● **THE PROBLEM**: Your task is to copy the lines of the data below from the line holding "Baby wearing Quincy" through the line holding "Housse Xiaomi Redmi Note 12 4G Papillon Bleu", inclusive, exactly and with nothing added.

Scraped caption text data:
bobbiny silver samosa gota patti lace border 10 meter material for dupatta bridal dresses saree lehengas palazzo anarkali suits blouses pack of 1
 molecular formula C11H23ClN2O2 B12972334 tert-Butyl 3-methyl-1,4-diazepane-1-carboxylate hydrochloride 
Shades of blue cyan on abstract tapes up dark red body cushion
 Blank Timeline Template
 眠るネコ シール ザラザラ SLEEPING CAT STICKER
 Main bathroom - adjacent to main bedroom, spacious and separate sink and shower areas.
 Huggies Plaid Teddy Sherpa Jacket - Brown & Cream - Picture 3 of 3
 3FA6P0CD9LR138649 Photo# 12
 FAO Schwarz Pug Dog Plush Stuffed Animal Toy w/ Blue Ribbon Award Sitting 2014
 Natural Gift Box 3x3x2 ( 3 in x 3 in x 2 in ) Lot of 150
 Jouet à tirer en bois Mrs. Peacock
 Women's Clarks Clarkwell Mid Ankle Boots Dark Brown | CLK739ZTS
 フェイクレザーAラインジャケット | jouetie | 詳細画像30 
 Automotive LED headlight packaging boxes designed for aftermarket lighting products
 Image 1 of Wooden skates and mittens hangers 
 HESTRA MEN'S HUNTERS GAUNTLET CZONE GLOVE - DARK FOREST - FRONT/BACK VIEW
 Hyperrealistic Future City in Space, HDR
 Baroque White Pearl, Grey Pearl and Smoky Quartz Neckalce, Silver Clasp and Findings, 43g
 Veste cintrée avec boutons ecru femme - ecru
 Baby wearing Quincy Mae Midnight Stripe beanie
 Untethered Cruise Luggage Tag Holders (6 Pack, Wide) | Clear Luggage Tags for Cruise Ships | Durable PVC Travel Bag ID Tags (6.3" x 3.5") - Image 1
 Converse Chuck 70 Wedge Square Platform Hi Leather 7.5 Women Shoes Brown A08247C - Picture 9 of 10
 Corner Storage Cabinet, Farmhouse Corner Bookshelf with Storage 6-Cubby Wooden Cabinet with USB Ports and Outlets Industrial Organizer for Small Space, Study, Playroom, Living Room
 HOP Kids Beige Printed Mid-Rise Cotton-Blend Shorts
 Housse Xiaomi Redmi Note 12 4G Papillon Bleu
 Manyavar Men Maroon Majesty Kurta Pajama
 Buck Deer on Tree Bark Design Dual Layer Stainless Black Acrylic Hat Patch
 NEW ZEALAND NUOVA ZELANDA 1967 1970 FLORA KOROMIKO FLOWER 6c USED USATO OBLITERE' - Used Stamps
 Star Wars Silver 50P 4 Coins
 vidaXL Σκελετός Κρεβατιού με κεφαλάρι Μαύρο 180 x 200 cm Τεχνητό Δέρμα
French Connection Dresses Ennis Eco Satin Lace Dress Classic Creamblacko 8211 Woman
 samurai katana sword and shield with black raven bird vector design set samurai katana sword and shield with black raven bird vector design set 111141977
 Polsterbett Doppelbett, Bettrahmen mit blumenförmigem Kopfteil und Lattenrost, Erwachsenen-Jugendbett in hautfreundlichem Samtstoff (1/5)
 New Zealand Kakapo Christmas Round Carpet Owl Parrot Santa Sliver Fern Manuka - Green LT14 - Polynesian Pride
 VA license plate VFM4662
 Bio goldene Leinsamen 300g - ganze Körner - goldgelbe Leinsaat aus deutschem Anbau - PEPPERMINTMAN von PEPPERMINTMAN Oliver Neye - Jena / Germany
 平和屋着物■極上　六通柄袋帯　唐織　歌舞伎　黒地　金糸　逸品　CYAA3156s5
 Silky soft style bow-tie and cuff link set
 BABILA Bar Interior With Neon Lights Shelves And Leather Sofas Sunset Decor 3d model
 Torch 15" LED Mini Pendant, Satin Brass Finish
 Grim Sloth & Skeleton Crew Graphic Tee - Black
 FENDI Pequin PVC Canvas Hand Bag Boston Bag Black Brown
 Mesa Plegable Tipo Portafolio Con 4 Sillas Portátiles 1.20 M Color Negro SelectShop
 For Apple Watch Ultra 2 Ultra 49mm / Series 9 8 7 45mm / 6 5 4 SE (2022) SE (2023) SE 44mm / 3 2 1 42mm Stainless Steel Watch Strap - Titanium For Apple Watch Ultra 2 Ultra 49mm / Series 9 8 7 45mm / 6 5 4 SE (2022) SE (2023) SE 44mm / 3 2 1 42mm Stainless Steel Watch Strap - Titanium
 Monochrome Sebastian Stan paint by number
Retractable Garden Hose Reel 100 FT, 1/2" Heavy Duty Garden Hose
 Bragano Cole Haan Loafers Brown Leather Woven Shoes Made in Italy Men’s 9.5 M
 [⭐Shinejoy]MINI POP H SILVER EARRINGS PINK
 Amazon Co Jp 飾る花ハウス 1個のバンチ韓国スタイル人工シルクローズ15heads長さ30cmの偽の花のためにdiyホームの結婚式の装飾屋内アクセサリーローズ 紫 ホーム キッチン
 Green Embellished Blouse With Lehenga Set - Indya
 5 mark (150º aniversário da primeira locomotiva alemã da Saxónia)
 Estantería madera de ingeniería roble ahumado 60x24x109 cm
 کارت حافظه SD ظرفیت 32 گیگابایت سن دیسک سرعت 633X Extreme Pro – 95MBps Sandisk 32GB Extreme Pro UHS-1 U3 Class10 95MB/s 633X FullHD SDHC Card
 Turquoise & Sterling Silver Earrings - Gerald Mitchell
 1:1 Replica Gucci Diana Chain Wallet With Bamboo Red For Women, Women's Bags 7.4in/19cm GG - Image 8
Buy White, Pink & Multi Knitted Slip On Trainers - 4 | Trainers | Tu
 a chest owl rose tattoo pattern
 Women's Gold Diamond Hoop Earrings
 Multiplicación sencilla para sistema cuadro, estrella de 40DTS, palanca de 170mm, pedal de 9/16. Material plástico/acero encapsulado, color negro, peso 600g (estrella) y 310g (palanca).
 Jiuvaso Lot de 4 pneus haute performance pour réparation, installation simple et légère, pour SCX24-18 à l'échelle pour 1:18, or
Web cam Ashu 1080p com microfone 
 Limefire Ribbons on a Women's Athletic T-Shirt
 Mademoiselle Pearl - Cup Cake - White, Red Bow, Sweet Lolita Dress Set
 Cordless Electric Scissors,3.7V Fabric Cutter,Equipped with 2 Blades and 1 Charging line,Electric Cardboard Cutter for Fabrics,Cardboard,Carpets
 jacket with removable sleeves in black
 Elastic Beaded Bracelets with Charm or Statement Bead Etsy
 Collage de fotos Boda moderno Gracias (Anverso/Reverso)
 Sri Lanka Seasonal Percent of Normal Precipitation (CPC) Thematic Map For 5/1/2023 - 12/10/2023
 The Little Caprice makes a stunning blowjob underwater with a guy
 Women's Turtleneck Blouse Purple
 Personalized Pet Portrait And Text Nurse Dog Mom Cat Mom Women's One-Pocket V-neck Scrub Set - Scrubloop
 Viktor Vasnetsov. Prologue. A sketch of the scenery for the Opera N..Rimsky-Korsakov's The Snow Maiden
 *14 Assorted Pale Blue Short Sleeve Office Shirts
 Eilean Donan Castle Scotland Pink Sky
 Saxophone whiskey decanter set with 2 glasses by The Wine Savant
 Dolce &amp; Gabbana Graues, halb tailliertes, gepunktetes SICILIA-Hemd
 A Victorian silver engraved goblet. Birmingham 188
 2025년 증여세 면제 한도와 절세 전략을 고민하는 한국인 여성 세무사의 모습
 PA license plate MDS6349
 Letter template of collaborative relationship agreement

● **ANSWER TO THE PROBLEM**:
 Baby wearing Quincy Mae Midnight Stripe beanie
 Untethered Cruise Luggage Tag Holders (6 Pack, Wide) | Clear Luggage Tags for Cruise Ships | Durable PVC Travel Bag ID Tags (6.3" x 3.5") - Image 1
 Converse Chuck 70 Wedge Square Platform Hi Leather 7.5 Women Shoes Brown A08247C - Picture 9 of 10
 Corner Storage Cabinet, Farmhouse Corner Bookshelf with Storage 6-Cubby Wooden Cabinet with USB Ports and Outlets Industrial Organizer for Small Space, Study, Playroom, Living Room
 HOP Kids Beige Printed Mid-Rise Cotton-Blend Shorts
 Housse Xiaomi Redmi Note 12 4G Papillon Bleu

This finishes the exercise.